The actions come just weeks after the diocese held a special convention to vote on five resolutions, one of which calls on the bishop and standing committee "to begin withdrawing from all bodies of The Episcopal Church that have assented to actions contrary to Holy Scripture, the doctrine, discipline and worship of Christ."
The Diocese of South Carolina oversees more than 70 parishes throughout the coastal half of the state. The Very Rev. Mark Lawrence, bishop of the diocese, wrote in an e-mail that he will remain open to counsel and conversation.
"I have been in conversation with the priests of St. Luke's Hilton Head and Trinity, Myrtle Beach. They are not seeking to leave the Diocese of South Carolina," he wrote. "We will continue to keep the lines of communication open and clear with both priests and their congregations. As for St.
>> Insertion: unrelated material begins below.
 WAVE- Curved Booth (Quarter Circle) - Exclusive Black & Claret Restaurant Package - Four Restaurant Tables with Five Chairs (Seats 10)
Andrew's Mount Pleasant, I will continue to be in communication with the leadership of the parish, ministering to all members of the diocese and parish as seems appropriate. These are challenging times for all Episcopalians both in the Diocese and in the larger church. Such times I believe call for a pastoral and creative response. I will continue to strive to offer it."
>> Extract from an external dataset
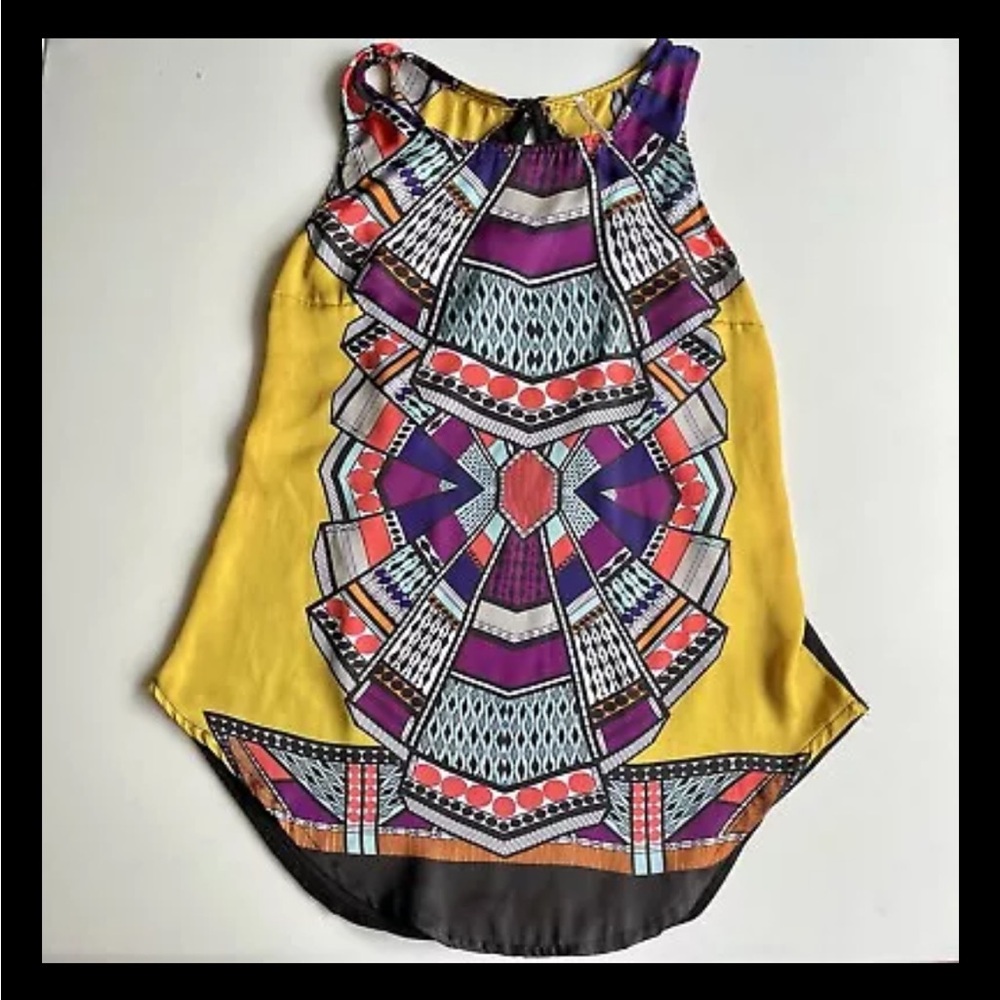 Nine 1 Eight Vivid Geometric Print Tank Style Womens Blouse - Size M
St. Andrew's Church transferred property worth $3.45 million into a land trust, a transaction recorded in July and amended in September. The "St. Andrew's Church-Mt. Pleasant Land Trust" received parish property formerly held by the vestry and church wardens of St. Andrew's.
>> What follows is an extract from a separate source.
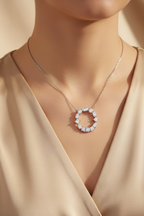 Moissanite Circle Necklace Lifestyle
"The purpose of the Trust shall be to purchase, receive, hold title to, improve, and otherwise manage real estate and improvements thereon in order to provide an orthodox Anglican ministry center for St. Andrew's Church," legal documents state.
The parish is known for its dynamic growth, variety of worship experiences, ministries and special programming. Wood was a candidate for bishop of the diocese in 2006 and has been active as an Episcopal leader, most recently serving as a delegate to the General Convention of The Episcopal Church, held in July.
The Diocese of South Carolina mostly consists of adherents who object to what they perceive as the liberal, inclusive and "politically correct" leanings of a church that has abandoned Scriptural orthodoxy and Anglican tradition.
Lawrence has condemned what he calls the "false gospel of indiscriminate inclusivity" and encouraged like-minded "orthodox" leaders from other dioceses to join together in missional relationships.
Those on the other side of the issue say disagreements boil down to the manner in which Scripture is interpreted, and that none of the church's core beliefs have been subverted.
"The creeds remain intact," Barbara Mann wrote last month. Mann has held various national positions in The Episcopal Church and currently is director of the Episcopal Forum of South Carolina. "Belief in the Holy Trinity is not in question; belief in the life and teachings of Jesus Christ as Savior, including his incarnation, crucifixion and resurrection, are not being questioned. Nor is the calling of Episcopalians as disciples to live out their baptismal covenant being endangered," Mann wrote.
Breaking from The Episcopal Church presents challenges to both sides. A diocese is the local governing and oversight body of the church based on geography. The Episcopal Church has 110 dioceses, including some in the Caribbean, Taiwan and Latin America. A diocese cannot withdraw from the church; only individuals or congregations can choose to leave, church officials have said.
When congregations vote to break away, the question of what happens to the property inevitably arises. All Saint's Church at Pawleys Island won its legal battle earlier this year when the S.C. Supreme Court decided the physical assets of the church belonged to the officers of the church corporation and not the diocese.
Outside of South Carolina, courts have affirmed the hierarchical nature of The Episcopal Church and the arrangement in which local properties are held in trust for the church by the diocese and parish.